I park next to an imola red II M3 every morning. Not my cup of tea at all, but it's definitely a sharp lookin' ride. I love the sound of his engine when it starts up too (my 330i ain't too shabby either, but it's no M3). 

If I was ever forced to go with a red, I'd say imola II is the best of the bunch of I've seen on E46s. It's got a nice dark hue to it.

Anyway, enjoy the wait for your car.


----------



## danpop (Feb 19, 2002)

I have Ti Silver and love it. Despite what everybody else claims, in my area, Black is the most common color on 3er. My girlfriend has a silver Mini and I have a feeling that the new Silver Gray will look a lot like it which honestly I don't like it; Ti Silver looks way better. When in 3-4 years I buy my next car (it will be a M3 :thumbup: ) I hope they'll bring Ti Silver back.


----------



## Sean (Dec 22, 2001)

Ti. Silver is so Y2K. I'm over it!
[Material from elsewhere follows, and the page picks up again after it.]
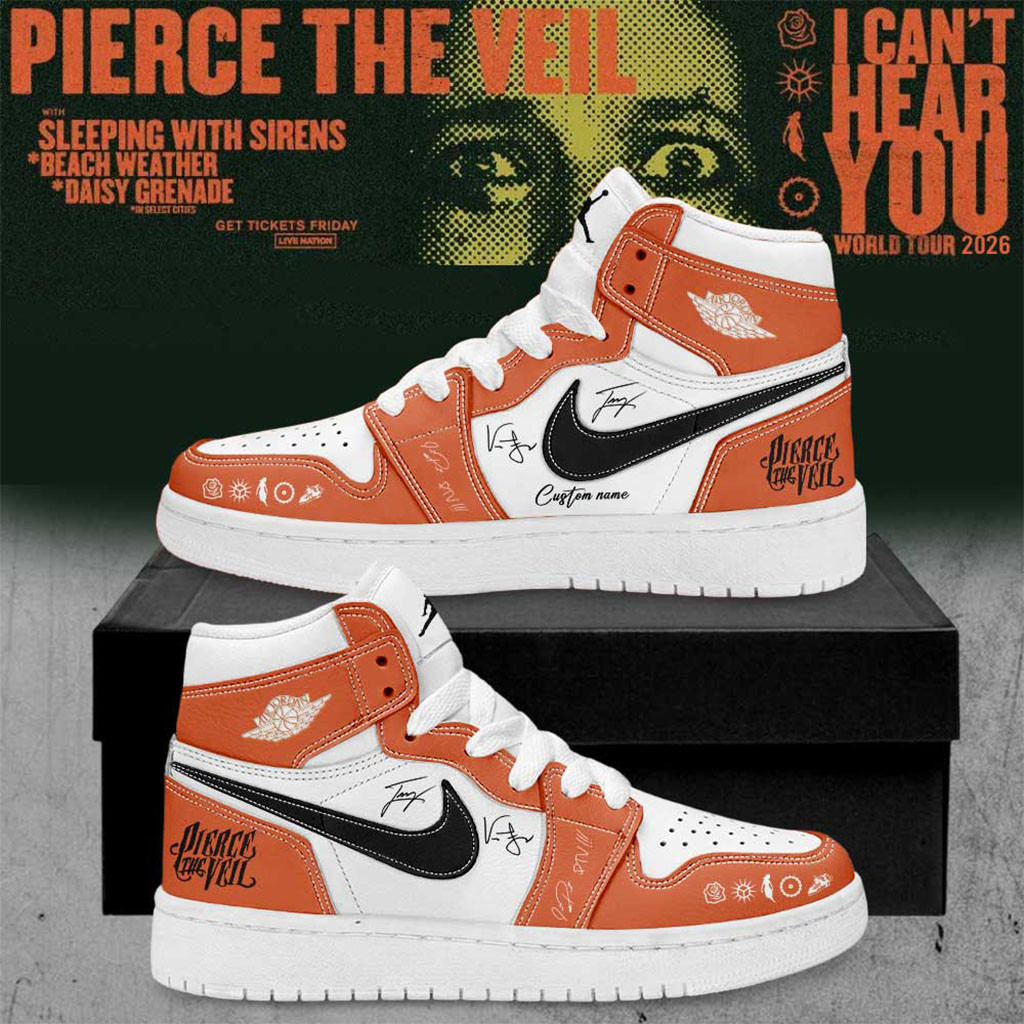 Custom Pierce The Veil Merch I Can't Hear You World Tour 2026 Signature Shoes Orange White - Kdjoy Custom Pierce The Veil Merch I Can't Hear You World Tour 2026 Signature Shoes Orange White - Kdjoy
Majority of every highline car I see on the road is silver, including mine.


----------



## Wah (Feb 9, 2003)

danpop said:


> *I have Ti Silver and love it. Despite what everybody else claims, in my area, Black is the most common color on 3er. My girlfriend has a silver Mini and I have a feeling that the new Silver Gray will look a lot like it which honestly I don't like it; Ti Silver looks way better. When in 3-4 years I buy my next car (it will be a M3 :thumbup: ) I hope they'll bring Ti Silver back. *


Ti silver is not gone...


----------



## TomwannaBMW (Feb 1, 2003)

I came down to those two choices for my 2004 330Ci order as well. 

I have always loved silver and my first car was a silver 1982 Pontiac V8 4-speed manual Trans Am with maroon cloth seats and a T-top. :bigpimp: 

But when it came down to which color I wanted on the new ride, I decided to roll the dice a little and go with silver gray with the gray leather. The pics I have seen look awesome, but I know it might look a little different in person. 


Hopefully it will look as good as I think it will, but at the very least it will be unique.


----------



## ObD (Dec 29, 2001)

TiAg sucks, don't get it.


----------



## cruztopless (Sep 23, 2002)

Silver Gray ... yuck. Please DO NOT get silver gray. : puke: 

:angel:


----------



## Artslinger (Sep 2, 2002)

Titanium Silver, Silver Gray and any other variation of Silver is the favorite color of middle class America. 

Boring.


----------



## 3or5er (Nov 26, 2002)

cruztopless said:


> *Silver Gray ... yuck. Please DO NOT get silver gray. : puke:
> 
> :angel: *


Me 2


----------